Sunday, January 06, 2008

Bloomberg would be another Democrat in the race

NY Times:

Hundreds of miles from the hustings of New Hampshire lurks a possible presidential candidate who supports gay marriage, abortion rights and stricter regulation of handguns. Who doesn’t mind taxing the rich on their income or big companies on their carbon emissions. Who says that deporting illegal immigrants would destroy the nation’s economy. And who is not necessarily averse to adding more bureaucrats to the government payroll.

That politician — Michael R. Bloomberg, the billionaire mayor of New York — has spent months laying out his vision for a post-partisan approach to politics that would take the best from left and right.

Yet a close reading of the policies Mr. Bloomberg has promoted during his mayoralty suggests that Mr. Bloomberg actually has a lot in common with one party’s leading candidates — the Democrats — and not so much with the other’s. Indeed, on issues like gay marriage and gun control, Mr. Bloomberg stands well to the left of top-tier Democratic candidates like Hillary Rodham Clinton, John Edwards and Barack Obama.

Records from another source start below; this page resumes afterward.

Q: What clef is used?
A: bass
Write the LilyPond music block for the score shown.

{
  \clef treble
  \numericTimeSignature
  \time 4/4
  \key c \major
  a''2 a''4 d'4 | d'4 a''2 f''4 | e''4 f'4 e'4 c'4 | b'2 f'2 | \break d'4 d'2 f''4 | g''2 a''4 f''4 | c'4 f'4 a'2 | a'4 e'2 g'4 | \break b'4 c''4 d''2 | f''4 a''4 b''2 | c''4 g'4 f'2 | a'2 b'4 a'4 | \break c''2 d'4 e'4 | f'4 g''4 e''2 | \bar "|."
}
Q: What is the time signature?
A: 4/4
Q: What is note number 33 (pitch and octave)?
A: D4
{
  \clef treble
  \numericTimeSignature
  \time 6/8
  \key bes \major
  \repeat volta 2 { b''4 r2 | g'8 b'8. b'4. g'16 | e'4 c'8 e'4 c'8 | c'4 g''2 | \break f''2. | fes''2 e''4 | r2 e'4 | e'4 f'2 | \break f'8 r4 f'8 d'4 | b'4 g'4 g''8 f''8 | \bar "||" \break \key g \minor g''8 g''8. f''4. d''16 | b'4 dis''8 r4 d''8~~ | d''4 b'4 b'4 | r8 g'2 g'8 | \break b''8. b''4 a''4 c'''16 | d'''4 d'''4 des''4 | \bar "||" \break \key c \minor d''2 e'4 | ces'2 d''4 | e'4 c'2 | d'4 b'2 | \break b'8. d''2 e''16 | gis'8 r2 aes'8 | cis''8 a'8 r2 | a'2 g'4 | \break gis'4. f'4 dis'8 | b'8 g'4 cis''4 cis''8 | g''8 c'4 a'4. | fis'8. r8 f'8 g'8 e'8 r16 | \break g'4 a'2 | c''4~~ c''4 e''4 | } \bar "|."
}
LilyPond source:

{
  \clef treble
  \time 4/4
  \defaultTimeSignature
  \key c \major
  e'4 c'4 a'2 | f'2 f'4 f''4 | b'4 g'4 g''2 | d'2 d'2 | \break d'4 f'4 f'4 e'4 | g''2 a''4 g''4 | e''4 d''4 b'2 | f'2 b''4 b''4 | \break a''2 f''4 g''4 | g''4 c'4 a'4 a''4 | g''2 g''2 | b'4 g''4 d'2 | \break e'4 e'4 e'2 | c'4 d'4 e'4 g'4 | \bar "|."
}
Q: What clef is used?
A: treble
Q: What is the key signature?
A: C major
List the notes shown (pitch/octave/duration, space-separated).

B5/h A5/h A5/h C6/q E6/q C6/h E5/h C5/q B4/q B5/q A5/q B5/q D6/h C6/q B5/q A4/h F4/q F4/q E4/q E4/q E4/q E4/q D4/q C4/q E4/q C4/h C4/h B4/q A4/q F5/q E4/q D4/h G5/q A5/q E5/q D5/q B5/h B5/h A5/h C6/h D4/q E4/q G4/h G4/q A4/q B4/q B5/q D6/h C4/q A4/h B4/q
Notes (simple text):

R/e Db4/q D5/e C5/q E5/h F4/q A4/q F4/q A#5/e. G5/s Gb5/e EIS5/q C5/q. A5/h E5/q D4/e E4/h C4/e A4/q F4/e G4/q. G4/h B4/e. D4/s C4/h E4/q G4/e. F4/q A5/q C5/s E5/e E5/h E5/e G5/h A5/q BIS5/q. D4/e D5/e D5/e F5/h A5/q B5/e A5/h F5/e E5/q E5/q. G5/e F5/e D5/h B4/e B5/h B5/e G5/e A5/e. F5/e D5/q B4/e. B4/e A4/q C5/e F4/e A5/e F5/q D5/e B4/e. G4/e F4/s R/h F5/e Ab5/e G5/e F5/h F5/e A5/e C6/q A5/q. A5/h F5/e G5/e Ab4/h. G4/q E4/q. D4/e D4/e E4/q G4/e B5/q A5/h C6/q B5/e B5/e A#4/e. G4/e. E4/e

Mr. Bloomberg has long coyly denied rumors that he would undertake an independent bid, even as some of his aides have laid the groundwork for one. On Sunday in Oklahoma, Mr. Bloomberg was scheduled to meet with a bipartisan group of elder statesmen to discuss ways of defeating “partisan polarization,” according to organizers, and to urge the creation of a national-unity government. But judged strictly on the issues, it is hard to discern the grounds on which Mr. Bloomberg might midwife a new kind of fusion politics, even if he wants to.

“If you want to place him in the spectrum of American politics, he’s a liberal Democrat on all the major litmus test issues, and he’s a liberal Democrat on taxing and spending,” said Douglas A. Muzzio, a professor at the Baruch College School of Public Affairs. “I don’t see the product differentiation, except for the $4 billion bank account and the aura of the philosopher-king.”

...

“He may not have an ideology about political parties, but he definitely has an ideology about government — that it has a progressive role in our lives,” said Andrea Batista Schlesinger, executive director of the Drum Major Institute, a New York-based liberal research group. “The idea that he’s some kind of middle-of-the-road candidate doesn’t do justice to his own values.”

...


Bloomberg and his fellow Democrats meeting in Oklahoma want to get back to the "old bipartisanship" where Republicans mount no serious disagreement with their agenda. That is what he really means by "post partisan" government. In fact Bloomberg is probably more liberal than most of the Democrats at the meeting. He has Chuck Hagel tagging along to give the meeting an air of bipartisanship, but it is about as fake as Hagel's claim to being a conservative.

I have maintained all along that a Bloomberg candidacy will help Republicans by splitting the Democrat and liberal vote. The NY Times is finally seeing that too, and it does not even mention the war in Iraq where Bloomberg is as bad as the MoveOn Democrats. He would be a gift to the Republicans and conservatives on that issue.